Relevant fare attributes for the booking process step are:

  • price

  • reservationDetails

    Example: Wagon 19, Seat 44

    The reservation details need to be communicated at the pre-booking step to the customer.

  • legacyAccountingIdentifier

    The legacy accounting identifier information is used to write a correct 301 record.

Fulfillment Step

Relevant fare attributes for the fulfillment step are:

  • price

    The price needs to be communicated to the passenger(s), e.g. printed on the ticket.

    Additionally, it needs to be encoded in the security element(s).

  • regionalConstraint

    The regional constraint need to be communicated to the passenger(s), e.g. printed on the ticket.

    Additionally, it needs to be encoded in the security element(s).

  • regulatoryConditions

    The regulatory conditions need to be communicated to the passengers(s), e.g. printed on the ticket.

  • reservationsDetails

    The reservation details need to be communicated to the passengers(s), e.g. printed on the ticket.

    Additionally, it needs to be encoded in the security element(s) in case of mandatory reservations.

  • serviceClass

    The service class need to be communicated to the passengers(s), e.g. printed on the ticket.

    Additionally, it needs to be encoded in the security element(s).

  • travelValidityConstraint

    The date are needed to create valid barcode and control data.

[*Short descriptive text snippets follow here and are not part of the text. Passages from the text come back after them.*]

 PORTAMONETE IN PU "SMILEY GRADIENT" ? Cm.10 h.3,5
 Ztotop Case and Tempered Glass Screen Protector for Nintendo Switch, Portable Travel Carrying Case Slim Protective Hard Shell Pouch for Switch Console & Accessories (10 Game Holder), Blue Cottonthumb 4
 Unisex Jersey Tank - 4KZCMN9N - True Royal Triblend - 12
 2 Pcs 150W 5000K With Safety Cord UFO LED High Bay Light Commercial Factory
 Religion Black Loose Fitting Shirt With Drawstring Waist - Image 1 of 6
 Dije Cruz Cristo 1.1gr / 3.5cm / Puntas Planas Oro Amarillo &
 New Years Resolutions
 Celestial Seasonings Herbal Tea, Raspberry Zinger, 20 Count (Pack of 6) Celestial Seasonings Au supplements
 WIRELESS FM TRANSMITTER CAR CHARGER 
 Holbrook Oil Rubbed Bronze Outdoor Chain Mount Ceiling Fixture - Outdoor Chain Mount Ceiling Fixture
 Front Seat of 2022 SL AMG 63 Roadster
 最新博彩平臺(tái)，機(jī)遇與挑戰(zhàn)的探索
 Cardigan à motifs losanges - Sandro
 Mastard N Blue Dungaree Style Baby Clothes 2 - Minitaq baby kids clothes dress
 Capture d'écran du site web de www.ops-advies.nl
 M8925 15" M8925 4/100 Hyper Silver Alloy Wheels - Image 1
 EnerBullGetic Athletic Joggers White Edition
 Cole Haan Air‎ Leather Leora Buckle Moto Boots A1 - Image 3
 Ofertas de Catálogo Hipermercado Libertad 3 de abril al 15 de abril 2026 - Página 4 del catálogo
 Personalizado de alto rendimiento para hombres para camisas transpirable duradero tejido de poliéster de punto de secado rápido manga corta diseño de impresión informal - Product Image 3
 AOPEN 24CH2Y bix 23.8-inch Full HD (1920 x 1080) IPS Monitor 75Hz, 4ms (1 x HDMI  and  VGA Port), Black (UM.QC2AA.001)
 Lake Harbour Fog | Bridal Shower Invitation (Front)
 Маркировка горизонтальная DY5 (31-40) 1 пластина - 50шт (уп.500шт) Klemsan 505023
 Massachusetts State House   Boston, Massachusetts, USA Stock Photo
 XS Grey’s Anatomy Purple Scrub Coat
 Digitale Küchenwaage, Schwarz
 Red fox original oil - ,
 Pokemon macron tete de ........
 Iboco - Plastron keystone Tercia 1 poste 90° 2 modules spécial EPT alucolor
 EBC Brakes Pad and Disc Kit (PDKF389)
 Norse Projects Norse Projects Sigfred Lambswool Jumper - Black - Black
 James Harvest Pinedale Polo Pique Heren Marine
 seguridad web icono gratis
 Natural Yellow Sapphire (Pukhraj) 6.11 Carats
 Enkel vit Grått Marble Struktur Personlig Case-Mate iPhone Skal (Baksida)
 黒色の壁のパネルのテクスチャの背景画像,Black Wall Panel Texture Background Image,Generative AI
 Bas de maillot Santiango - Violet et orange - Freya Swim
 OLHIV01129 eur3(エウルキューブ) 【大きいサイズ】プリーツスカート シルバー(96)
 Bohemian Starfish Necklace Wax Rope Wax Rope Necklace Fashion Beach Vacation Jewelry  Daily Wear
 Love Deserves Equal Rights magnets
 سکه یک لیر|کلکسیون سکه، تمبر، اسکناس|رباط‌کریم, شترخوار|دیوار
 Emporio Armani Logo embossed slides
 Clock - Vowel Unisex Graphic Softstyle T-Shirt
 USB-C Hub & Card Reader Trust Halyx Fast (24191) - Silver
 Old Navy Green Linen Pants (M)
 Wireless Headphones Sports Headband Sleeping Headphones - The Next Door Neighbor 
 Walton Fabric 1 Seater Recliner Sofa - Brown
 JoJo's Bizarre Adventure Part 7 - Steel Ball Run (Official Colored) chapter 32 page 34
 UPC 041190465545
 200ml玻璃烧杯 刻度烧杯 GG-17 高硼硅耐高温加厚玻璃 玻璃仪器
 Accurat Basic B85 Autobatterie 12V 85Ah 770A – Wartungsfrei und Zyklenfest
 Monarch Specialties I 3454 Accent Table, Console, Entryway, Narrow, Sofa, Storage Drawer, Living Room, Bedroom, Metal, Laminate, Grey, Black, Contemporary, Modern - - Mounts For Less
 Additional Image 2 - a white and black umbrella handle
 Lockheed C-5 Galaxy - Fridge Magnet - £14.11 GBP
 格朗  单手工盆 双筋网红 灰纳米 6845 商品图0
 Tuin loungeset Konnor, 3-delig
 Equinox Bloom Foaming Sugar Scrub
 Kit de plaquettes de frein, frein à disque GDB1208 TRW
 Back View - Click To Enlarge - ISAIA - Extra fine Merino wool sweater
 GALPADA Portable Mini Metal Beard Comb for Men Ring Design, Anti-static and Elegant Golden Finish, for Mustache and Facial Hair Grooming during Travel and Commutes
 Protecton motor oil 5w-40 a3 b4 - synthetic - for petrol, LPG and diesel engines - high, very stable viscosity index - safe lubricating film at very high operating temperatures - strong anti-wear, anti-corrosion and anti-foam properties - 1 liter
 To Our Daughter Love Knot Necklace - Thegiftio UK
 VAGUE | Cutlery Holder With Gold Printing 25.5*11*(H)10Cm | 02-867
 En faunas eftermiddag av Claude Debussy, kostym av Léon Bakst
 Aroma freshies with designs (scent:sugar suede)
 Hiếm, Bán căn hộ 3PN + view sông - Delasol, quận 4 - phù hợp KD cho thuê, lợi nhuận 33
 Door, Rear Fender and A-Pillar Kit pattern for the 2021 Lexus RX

    Additionally, it needs to be encoded in the security element(s).

  • passengerConstraint

    Example: Age between 6 and 16 years

    The passenger constraint need to be communicated to the passengers(s), e.g. printed on the ticket.

After Sale

Refund Offer Creation Step

Relevant fare attributes for the creation of a refund offer are:

  • price

  • afterSaleConditions

    An allocator can create offers only if the after sale condition support its creation.

Exchange Offer Creation Step

Relevant fare attributes for the creation of a refund offer are the afterSaleConditions as well as all the attributes for offer creation.